Jean Hatzfeld has an amazing pair of books about the Rwandan genocide.
If you haven’t read Machete Season and Life Laid Bare, you should. The first explores the genocide through a series of conversations with the murderers; the second looks at the same events through interviews with the survivors.
Jean Hatzfeld has an amazing pair of books about the Rwandan genocide. If you haven’t read Machete Season and Life Laid Bare, you should. The first explores the genocide through a series of conversations with the murderers; the second looks at the same events through interviews with the survivors.
They are brutal books.
Tales of nice normal people picking up machetes and hunting through swamps looking for their former neighbors in order to hack them to death. Day after day after day.
It is hard to decide whether the accounts are more chilling when told by those who survived or those who spent a month killing their neighbors.
Hatzfeld has a third book. The Antelope’s Strategy. The subtitle: Living in Rwanda after the Genocide.

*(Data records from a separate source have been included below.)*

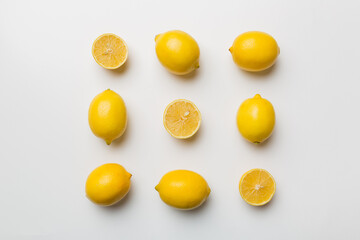 Many fresh ripe lemons as colored background, top view. Elegant background of lemon and lemon slices Top view flat lay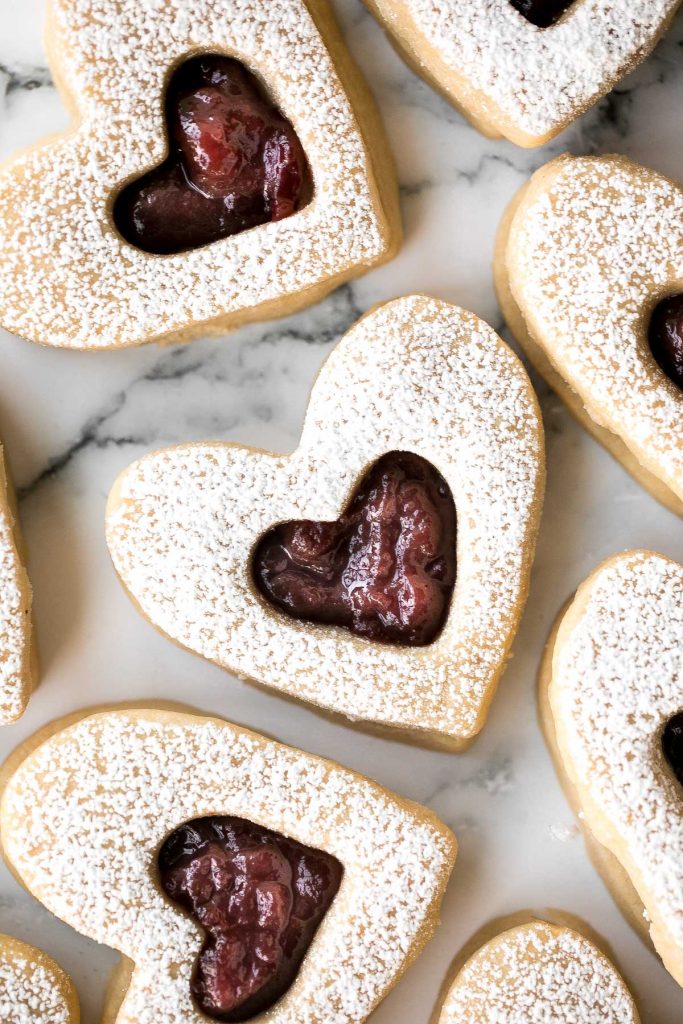 Cute raspberry and white chocolate heart-shaped shortbread cookies literally melt in your mouth. They are the perfect Valentine's Day treat. | aheadofthyme.com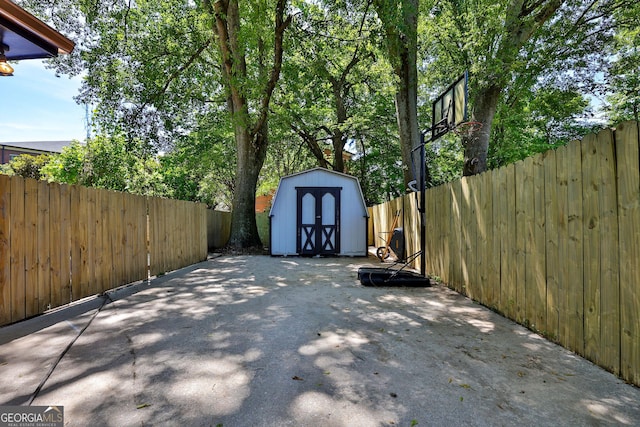 view of patio with a shed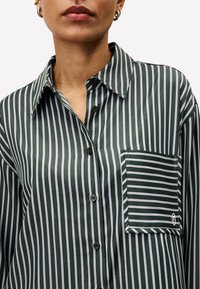 Green and white striped shirt made of smooth fabric, featuring a chest pocket, button closure, and classic collar design.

The book picks up after an amazing turn of events. The genocide ended when the government fell. Not surprisingly, the killers are imprisoned. (Well, maybe it is surprising that they were imprisoned rather than executed.)
But then, seven years later, with the agricultural fields throughout the country lying fallow and a need for workers to grow food, the government announced that the killers would be released. They returned to their old homes, suddenly living side by side again with the very people they had formerly tried to murder.
So, imagine you live in a Rwandan Village. Take you pick: which is the harder situation?
1) You survived the genocide by hiding in the swamps, evading the butchers, and now the very people who used to hunt you live next door—not just people like the people who hunted you, but the very same people;
2) You spent some time running through the swamps trying to kill people, and now you suddenly find yourself living next to someone whose family you hacked up with a machete and who only lives now because he evaded you.
Rwanda is full of people in both those situations. Hatzfeld interviews them. And the big question:
Can you forgive?
Is it even humanly possible to forgive in this situation?
Is it humanly possible to love your neighbor as yourself in this situation?
This is a gut-wrenching book in a very different manner than the previous books by Hatzfeld. In those books, the reader is faced with the depths of the depravity of Man.
In this book, we are faced with the limits of the ability of man to be good.
It is Right and Good to forgive. God forgives; we should forgive. (“Forgive us our trespasses as we forgive those who trespass against us”—it’s the Lord’s Prayer, after all.)
Not only is there depravity at the heart of man, but man has no ability, literally no ability, to be this forgiving.
“But if you do not forgive others, neither will your Father forgive your trespasses.”
The next time you are annoyed at someone on the other side of the political spectrum in America, remember this book.
Let’s be honest—nobody has wronged you this much. You have nothing to forgive that is on the same scale as the sorts of things people are forgiving in this book.
We should all learn to be a little more forgiving.